El resto del personal del colegio era exiguo y básicamente lo componía el personal de cocina compuesto por el cocinero y sus dos ayudantes; el ayudante de secretaría; el barbero, que acudía un par de días por semana; y la señora encargada de la lavandería. Hay que hacer una mención muy especial de nuestro cocinero ya que él formaba la guinda de aquel variopinto pastel que era el colegio. Su nombre era Jesús, pero todos le conocíamos por el sobrenombre de "Chuchi". Era un homosexual con todas las plumas del mundo y un mal genio endiablado como consecuencia de una cojera muy pronunciada.
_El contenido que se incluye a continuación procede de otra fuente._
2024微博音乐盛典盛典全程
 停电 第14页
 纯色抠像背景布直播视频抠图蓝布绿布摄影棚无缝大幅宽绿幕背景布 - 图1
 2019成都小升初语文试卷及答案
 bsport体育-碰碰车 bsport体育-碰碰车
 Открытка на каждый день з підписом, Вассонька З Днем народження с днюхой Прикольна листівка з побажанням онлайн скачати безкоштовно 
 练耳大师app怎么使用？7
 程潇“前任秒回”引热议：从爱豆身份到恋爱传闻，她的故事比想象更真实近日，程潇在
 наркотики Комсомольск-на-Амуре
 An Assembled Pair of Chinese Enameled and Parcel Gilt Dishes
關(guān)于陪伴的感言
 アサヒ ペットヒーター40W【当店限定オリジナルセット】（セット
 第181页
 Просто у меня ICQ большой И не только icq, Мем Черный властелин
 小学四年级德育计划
Todas nuestras actividades en el colegio estaban perfectamente marcadas y toda desviación de nuestros deberes recibía su correspondiente castigo. Por las mañanas, antes de ir a desayunar, debíamos asearnos, hacer las camas y acudir a oír misa. Todo el que no estuviera listo en el tiempo previsto quedaba encerrado en el dormitorio y se perdía el desayuno. Luego, a partir de las nueve de la mañana, comenzaban las clases con una pausa de media hora de patio hasta la hora de comer. Por la tarde de nuevo a las clases, con nueva pausa de patio, hasta la hora de la cena. Cuando no estábamos en clase o en el patio, estábamos en un amplio salón de estudio en el que cada uno de nosotros tenía un pupitre cerrado con candado en el que guardábamos nuestros libros y demás pertenencias personales.
Uno de los elementos más importantes de los que componían nuestro ajuar personal eran un par de buenos candados. Las taquillas que teníamos en el dormitorio eran de madera y lo primero que debíamos hacer al ocuparlas era ponerle más cáncamos y un candado. Igualmente, cuando cogíamos nuestro pupitre en el estudio, le colocábamos los consabidos cáncamos y el candado. Algunos pupitres tenían tantos agujeros con el paso de los años que se hacía difícil encontrar un lugar donde colocarlo. Con el paso de los cursos cada uno de nosotros había hecho acopio de un buen manojo de llaves para poder abrir el mayor número de candados posible caso de necesitarlo; de ahí que encontrar un candado difícil de abrir fuese una de las panaceas mas buscadas por todos. En general éramos bastante hábiles en el arte de abrir candados ajenos, pero algunos compañeros habían conseguido elevar su habilidad al puro virtuosismo.
Este es el marco general en el que se desarrollan las historias que se narran a continuación. Imagino que muchas de estas historias serán similares a las que tendrían en la misma época otros chicos de mi misma edad, sin embargo, el hecho de estar interno imagino que produjo un medio ambiente más propicio para algunos acontecimientos. La situación de estar aislado de nuestras familias y amigos, el hecho de depender por completo de nosotros mismos para las cosas más cotidianas, nos obligaba a ser autosuficientes y provocaba que tuviesen una gran importancia muchas cosas que, para el resto de los chicos de nuestra edad, apenas si podían tener significado alguno.
Son muchos los detalles que habría que añadir a esta introducción para que el lector pueda hacerse una idea exacta del lugar y el ambiente en que ocurrieron todas estas aventuras. Los detalles fundamentales, al margen de los ya descritos, irán apareciendo o ampliándose en cada una de las historias.